Microsoft unveils new DLP, 'Double Key Encryption' offerings

Endpoint DLP

Endpoint Data Loss Prevention (DLP) builds off of existing DLP capabilities for Microsoft 365 cloud services like SharePoint, Teams and OneDrive and extends them to users' devices. Organizations can onboard devices and apply security policies to them without the need for an additional agent on the device, Microsoft said in a blog post. Policies could, for example, restrict the transfer of data to USB devices, and those policies can be managed and enforced by security teams through the Microsoft 365 Compliance Center.

John Marcum, a senior consultant for Microsoft partner company New Signature, told SearchSecurity that while he's just starting to test the new DLP functionalities, this is "long overdue" from Microsoft.

"Historically Microsoft only solved half of the DLP problem; they could stop traffic that passed through their services. However, this is not enough. Therefore, we've had to rely upon third-party tools that required additional agents on workstations, additional admin overhead, and additional costs when working in any regulated environment," Marcum said. "From what I've seen so far, Microsoft has solved this issue with a very easy-to-configure solution that requires no additional agent installation. Of course, we all know that [Microsoft has] finally taken security seriously after so many years of ignoring it and depending upon third-party vendors to plug all of the holes. This advancement in DLP is just another step in the right direction."

Garrett Bekker, principal analyst at 451 Research, said enterprises are currently looking to invest in DLP, "particularly as data is increasingly migrating to new environments such as cloud."

"More specifically, 451 Research's Voice of the Enterprise (VotE) survey data shows that DLP is a top use case for enterprises looking to secure SaaS applications," he said via email. "And I think this demand will only be underscored by the COVID-19 pandemic and related work-from-home (WFH) phenomenon. WFH can present considerable security risks and DLP, particularly on the endpoint, can help to ensure that employees are handling sensitive data properly."

Enterprise Strategy Group senior cybersecurity analyst Dave Gruber told SearchSecurity he was most excited about DLP of all the Microsoft announcements.

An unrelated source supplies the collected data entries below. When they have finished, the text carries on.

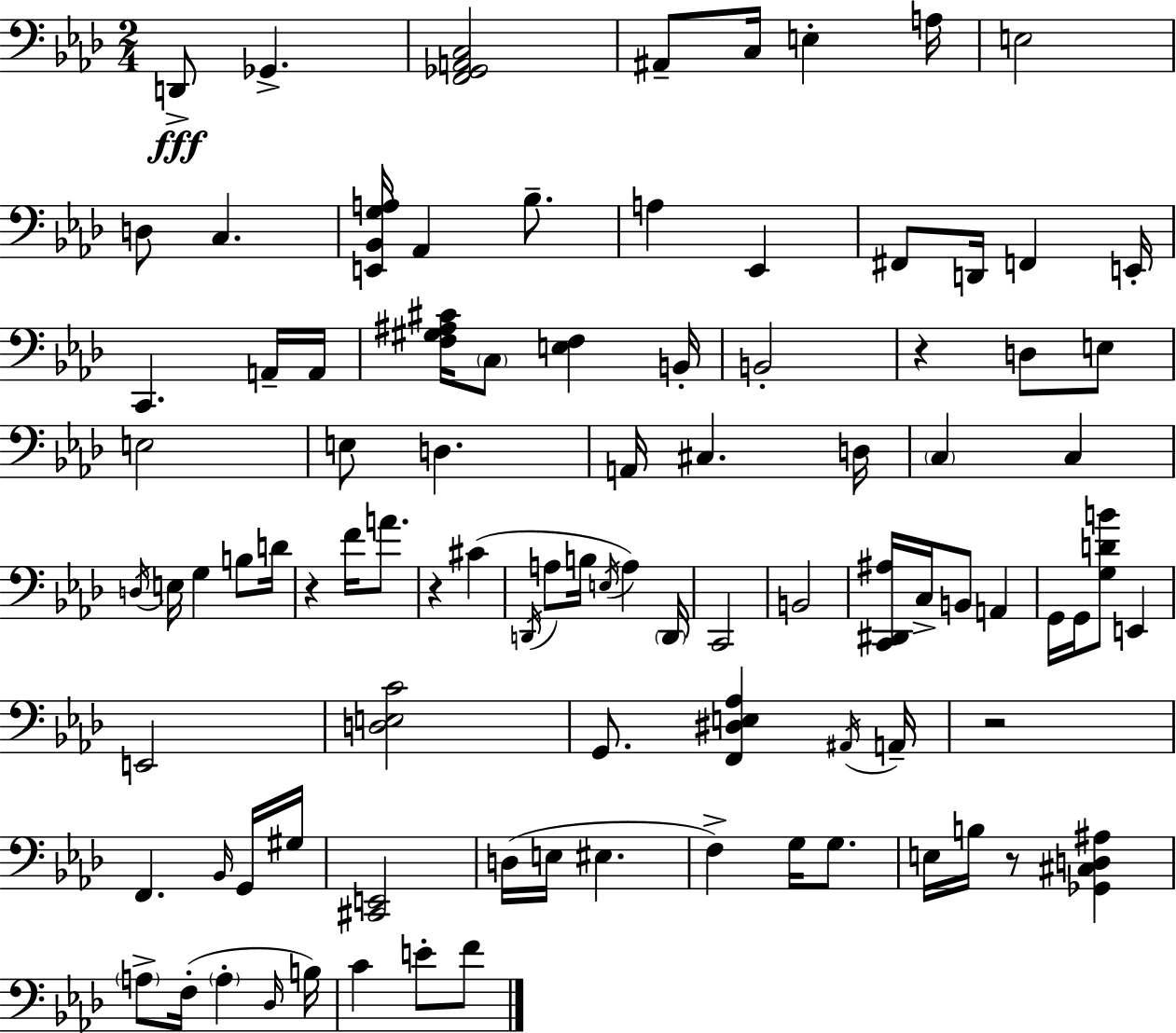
{
  \clef bass
  \numericTimeSignature
  \time 2/4
  \key f \minor
  d,8->\fff ges,4.-> | <f, ges, a, c>2 | ais,8-- c16 e4-. a16 | e2 | \break d8 c4. | <e, bes, g a>16 aes,4 bes8.-- | a4 ees,4 | fis,8 d,16 f,4 e,16-. | \break c,4. a,16-- a,16 | <f gis ais cis'>16 \parenthesize c8 <e f>4 b,16-. | b,2-. | r4 d8 e8 | \break e2 | e8 d4. | a,16 cis4. d16 | \parenthesize c4 c4 | \break \acciaccatura { d16 } e16 g4 b8 | d'16 r4 f'16 a'8. | r4 cis'4( | \acciaccatura { d,16 } a8 b16 \acciaccatura { e16 } a4) | \break \parenthesize d,16 c,2 | b,2 | <c, dis, ais>16 c16-> b,8 a,4 | g,16 g,16 <g d' b'>8 e,4 | \break e,2 | <d e c'>2 | g,8. <f, dis e aes>4 | \acciaccatura { ais,16 } a,16-- r2 | \break f,4. | \grace { bes,16 } g,16 gis16 <cis, e,>2 | d16( e16 eis4. | f4->) | \break g16 g8. e16 b16 r8 | <ges, cis d ais>4 \parenthesize a8-> f16-.( | \parenthesize a4-. \grace { des16 }) b16 c'4 | e'8-. f'8 \bar "|."
}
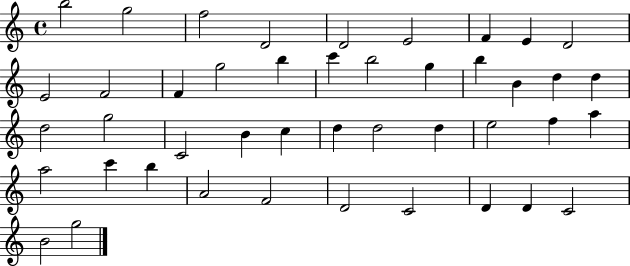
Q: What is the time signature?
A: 4/4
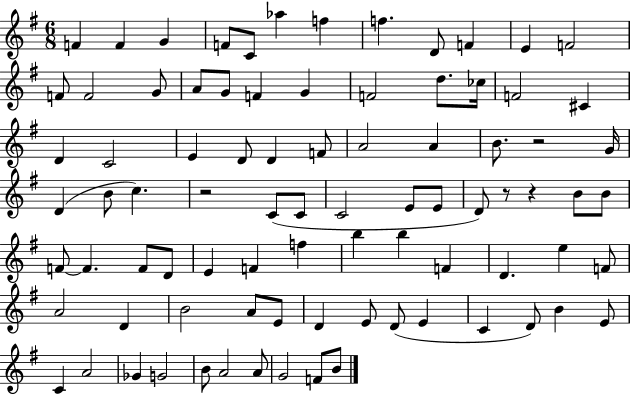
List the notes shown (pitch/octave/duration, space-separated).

F4/q F4/q G4/q F4/e C4/e Ab5/q F5/q F5/q. D4/e F4/q E4/q F4/h F4/e F4/h G4/e A4/e G4/e F4/q G4/q F4/h D5/e. CES5/s F4/h C#4/q D4/q C4/h E4/q D4/e D4/q F4/e A4/h A4/q B4/e. R/h G4/s D4/q B4/e C5/q. R/h C4/e C4/e C4/h E4/e E4/e D4/e R/e R/q B4/e B4/e F4/e F4/q. F4/e D4/e E4/q F4/q F5/q B5/q B5/q F4/q D4/q. E5/q F4/e A4/h D4/q B4/h A4/e E4/e D4/q E4/e D4/e E4/q C4/q D4/e B4/q E4/e C4/q A4/h Gb4/q G4/h B4/e A4/h A4/e G4/h F4/e B4/e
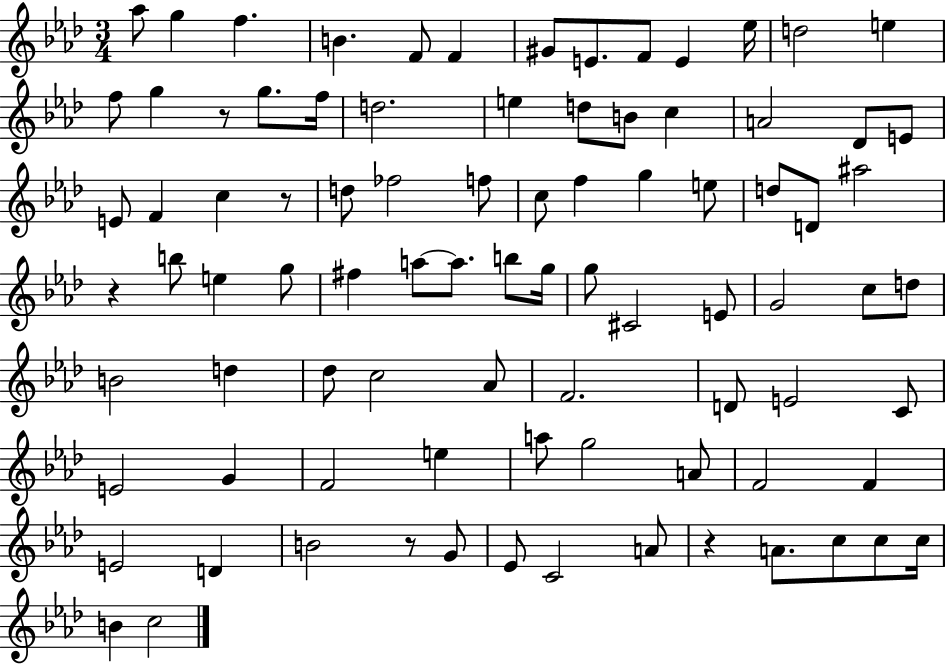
{
  \clef treble
  \numericTimeSignature
  \time 3/4
  \key aes \major
  aes''8 g''4 f''4. | b'4. f'8 f'4 | gis'8 e'8. f'8 e'4 ees''16 | d''2 e''4 | \break f''8 g''4 r8 g''8. f''16 | d''2. | e''4 d''8 b'8 c''4 | a'2 des'8 e'8 | \break e'8 f'4 c''4 r8 | d''8 fes''2 f''8 | c''8 f''4 g''4 e''8 | d''8 d'8 ais''2 | \break r4 b''8 e''4 g''8 | fis''4 a''8~~ a''8. b''8 g''16 | g''8 cis'2 e'8 | g'2 c''8 d''8 | \break b'2 d''4 | des''8 c''2 aes'8 | f'2. | d'8 e'2 c'8 | \break e'2 g'4 | f'2 e''4 | a''8 g''2 a'8 | f'2 f'4 | \break e'2 d'4 | b'2 r8 g'8 | ees'8 c'2 a'8 | r4 a'8. c''8 c''8 c''16 | \break b'4 c''2 | \bar "|."
}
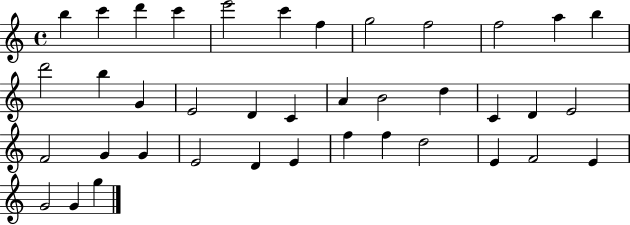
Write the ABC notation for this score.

X:1
T:Untitled
M:4/4
L:1/4
K:C
b c' d' c' e'2 c' f g2 f2 f2 a b d'2 b G E2 D C A B2 d C D E2 F2 G G E2 D E f f d2 E F2 E G2 G g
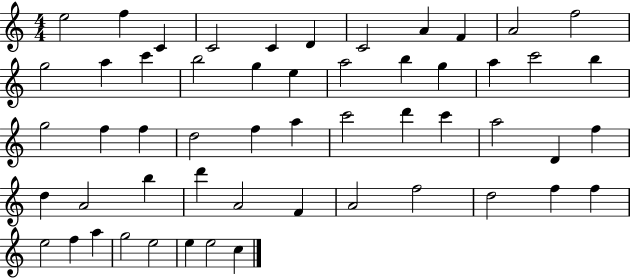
X:1
T:Untitled
M:4/4
L:1/4
K:C
e2 f C C2 C D C2 A F A2 f2 g2 a c' b2 g e a2 b g a c'2 b g2 f f d2 f a c'2 d' c' a2 D f d A2 b d' A2 F A2 f2 d2 f f e2 f a g2 e2 e e2 c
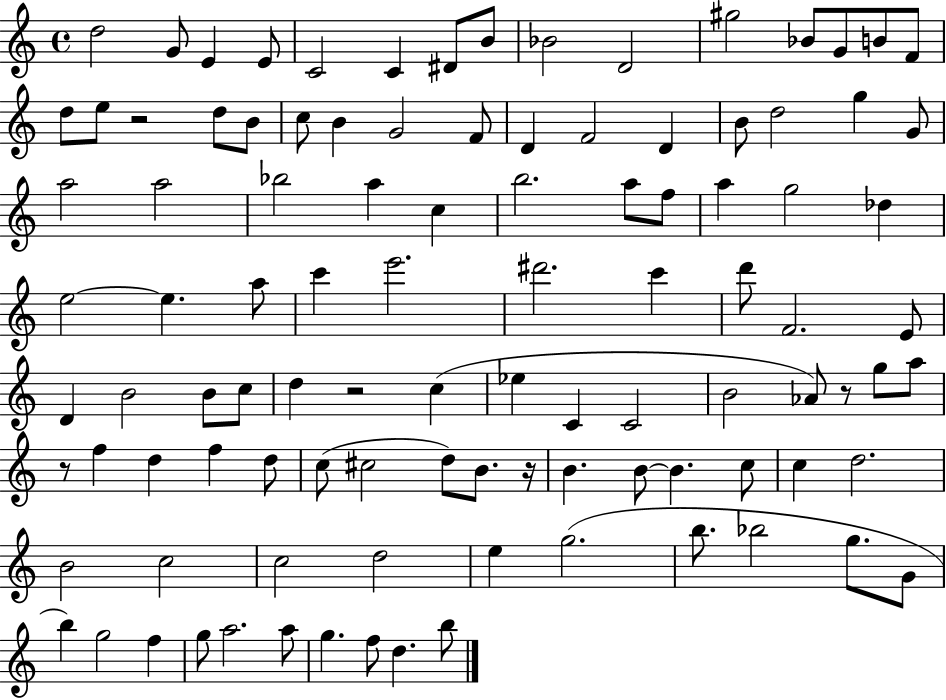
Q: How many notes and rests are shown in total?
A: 103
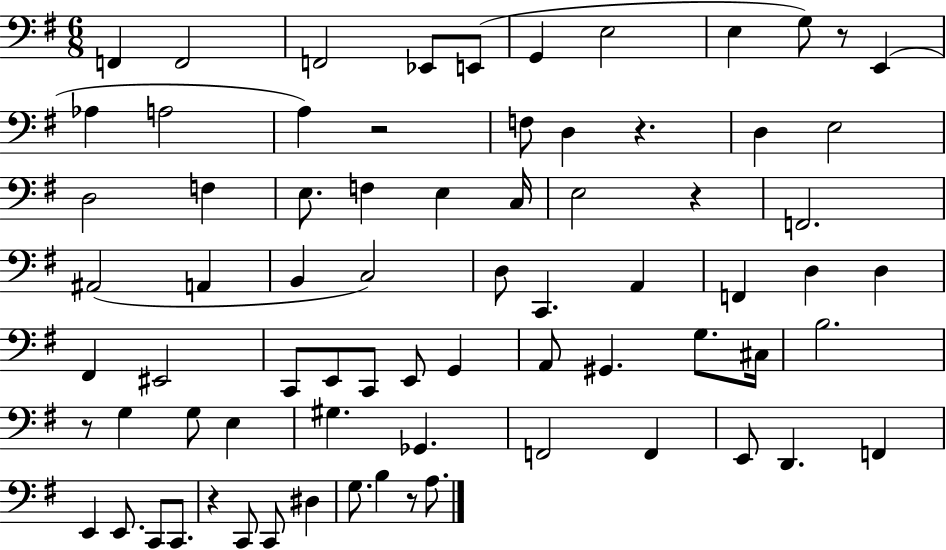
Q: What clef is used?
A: bass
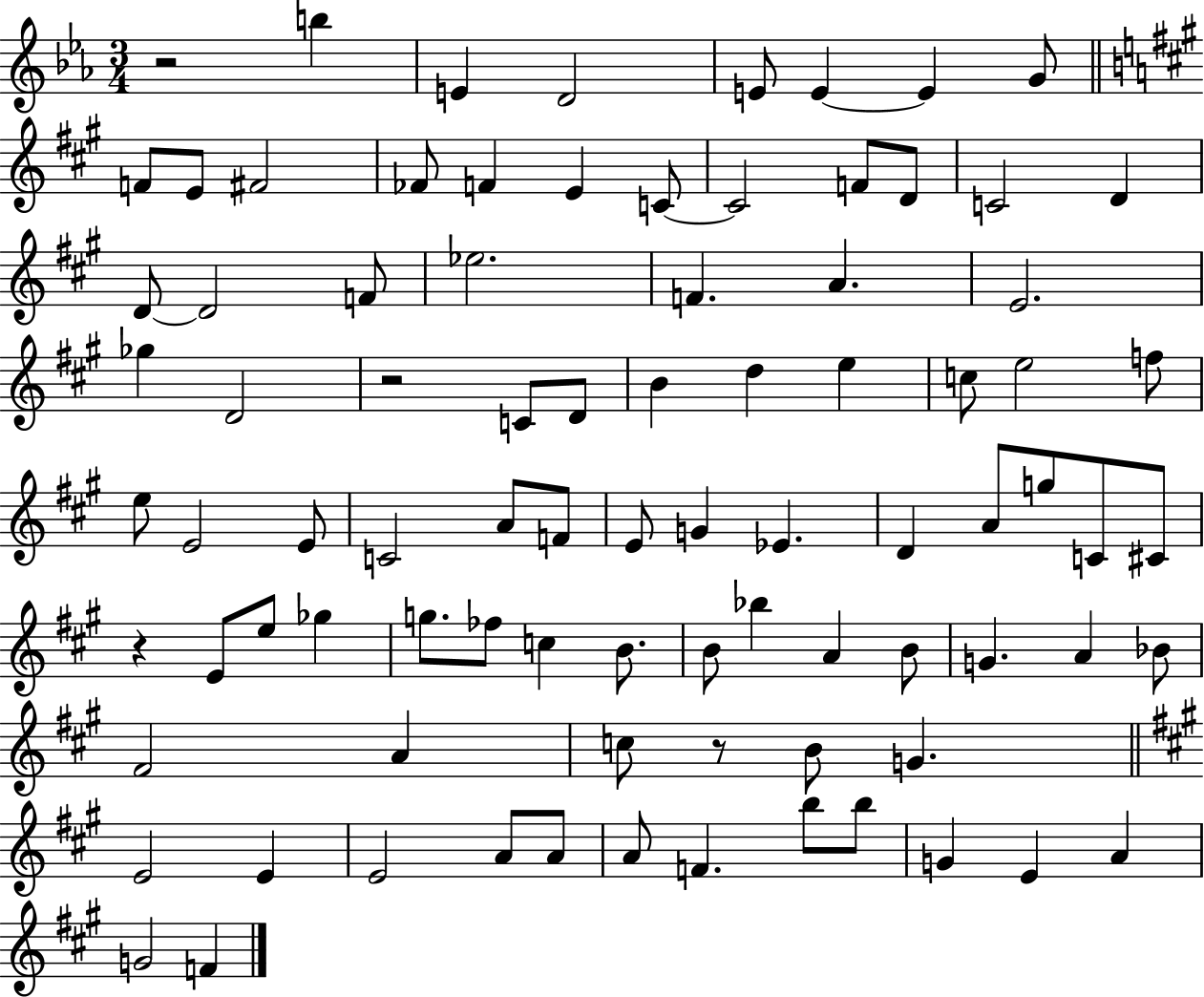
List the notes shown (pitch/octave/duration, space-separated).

R/h B5/q E4/q D4/h E4/e E4/q E4/q G4/e F4/e E4/e F#4/h FES4/e F4/q E4/q C4/e C4/h F4/e D4/e C4/h D4/q D4/e D4/h F4/e Eb5/h. F4/q. A4/q. E4/h. Gb5/q D4/h R/h C4/e D4/e B4/q D5/q E5/q C5/e E5/h F5/e E5/e E4/h E4/e C4/h A4/e F4/e E4/e G4/q Eb4/q. D4/q A4/e G5/e C4/e C#4/e R/q E4/e E5/e Gb5/q G5/e. FES5/e C5/q B4/e. B4/e Bb5/q A4/q B4/e G4/q. A4/q Bb4/e F#4/h A4/q C5/e R/e B4/e G4/q. E4/h E4/q E4/h A4/e A4/e A4/e F4/q. B5/e B5/e G4/q E4/q A4/q G4/h F4/q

"The addition of Endpoint DLP (adding device-level DLP to Microsoft's broader DLP offering), is actually pretty interesting. Enabled natively with Windows 10 deployments, Endpoint DLP requires no additional agent and captures endpoint telemetry that is of course used to increment support for Microsoft's broader DLP offering, but the telemetry also gets rolled into Microsoft security offerings," Gruber said in an email. "This is helpful because it enables things like detecting when unknown third-party apps try to access sensitive data -- something security and risk teams would like to know about.  Endpoint DLP is bundled along with E5 Information Protection and Governance, further strengthening the premium offering."

Double Key Encryption

Double Key Encryption for Microsoft 365 is a new feature for organizations that have concerns about data privacy, regulatory compliance and intellectual property that supplements existing data protections within Microsoft 365. The offering is designed to protect an organization's mission critical data by generating two keys for the encrypted data.

Chris Steffen, research director at Enterprise Management Associates, explained how Double Key Encryption works. "Microsoft has made encrypting and protecting Microsoft 365 information just that much easier for the end user with Double Key Encryption," Steffen said via email. "The concept is simple -- for someone to view the data, they must have access to both sets of keys -- one controlled by Microsoft and the second in control of the user or enterprise. This ensures the security and integrity of the user's data and addressing a significant compliance/security concern."

Microsoft's Endpoint Data Loss Prevention, Insider Risk Management, Communication Compliance, and Double Key Encryption are available now in public preview to Microsoft 365 E5 users.